Die Wahl einer Agentur in 12 Punkten.

Kunden brauchen Agenturen und Agenturen brauchen Kunden. Hier finden UnternehmerInnen 12 wesentliche Punkte zur Auswahl einer Agentur. Sowie im unteren Bereich zum Donwloaden: einen Mustervertrag, ein externes Briefing sowie einen Leitaden zur Beurteilung kreativer Arbeiten. Im Menübereich DER RICHTIGE WEG ZU UNS finden Sie alle Mitglieder nach verschiedenen Suchkriterien und teils mit ausführlichen Arbeitsproben. Sie können so nach Name, Kompetenz, Größe auswählen oder sogar nach Nähe!

Die angeführten Best Practice-Richtlinien, die auf alle Formen von Agenturausschreibungen angewendet werden können, sind für Kunden und Agenturen wichtig und wir empfehlen unseren Mitgliedern wie den Werbetreibenden dringend, die hierin beschriebenen Ethikgrundsätze und Verfahren anzuwenden. Gemeinsam können wir ein Umfeld schaffen, das sowohl für Kunden als auch für Agenturen das Beste aus beiden Welten vereint.

1. Warum machen Sie eine Ausschreibung?

Klären Sie, ob ein Agenturwechsel zum Besten der Marke oder des Unternehmens ist. Bevor Sie auf die Suche nach einer neuen Agentur gehen, stellen Sie sicher, dass alle möglichen Maßnahmen ergriffen wurden, die bestehende Kunden-Agentur-Beziehung wieder in Ordnung zu bringen. Erwägen Sie, ob der Einsatz eines externen Beraters diesen Prozess erleichtern könnte.

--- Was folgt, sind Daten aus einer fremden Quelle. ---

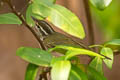 Eastern Crowned Warbler Phylloscopus coronatus 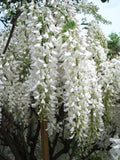 Graines Wisteria Floribunda Alba, Glycine du Japon Blanche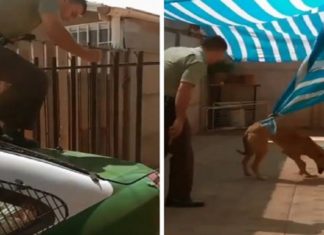 Policial ganha “abraço” de cachorro após resgatá-lo e vídeo chama atenção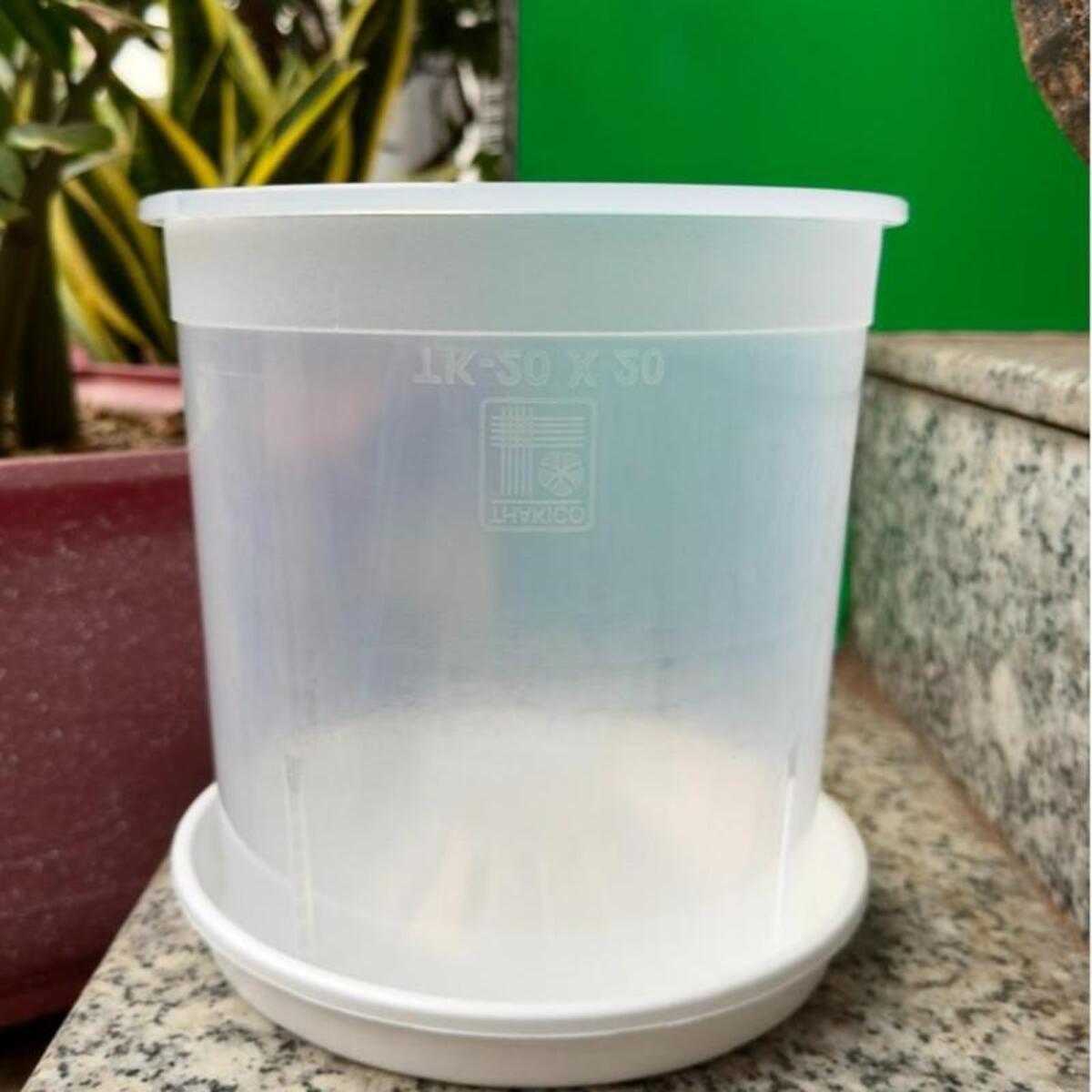 Dĩa nhưa trắng lót chậu giữ nước từ chậu thoát nước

2. Brauchen Sie externe Hilfestellung?

Es ist für Unternehmen ganz normal, professionelle Hilfe in vielen Bereichen anzufordern. Wir können Ihnen empfehlen, auch bei der Agenturwahl Hilfe in Anspruch zu nehmen. Gerade wenn es darum geht, Agenturen auszuwählen Markenstrategien zu entwickeln, diese in Kampagnen zu übersetzen und bei einem Wettbewerb die richtige Entscheidung zu treffen, ist Beratung höchst sinnvoll. Schließlich werden in der Folge auf Basis dieser Entscheidung, wesentliche Botschaften lanciert und Budgets investiert, die  zum Unternehmenserfolg entscheidend beitragen sollen.

3. Bereiten Sie zum Screening alle Hintergrundinformationen vor.

  • Erstellen Sie eine kurze Übersicht, einschließlich einer klaren Angabe des Marken- oder des Marketing-/Kommunikationsbudgets des Unternehmens. Betrachten Sie den Aufgabenbereich, den die Agentur übernehmen soll und bitten Sie die Agenturen gleich zu Beginn, dementsprechende finanzielle Rohkalkulationen vorzubereiten. Dies vermeidet Missverständnisse und steuert die beiderseitigen Erwartungshaltungen.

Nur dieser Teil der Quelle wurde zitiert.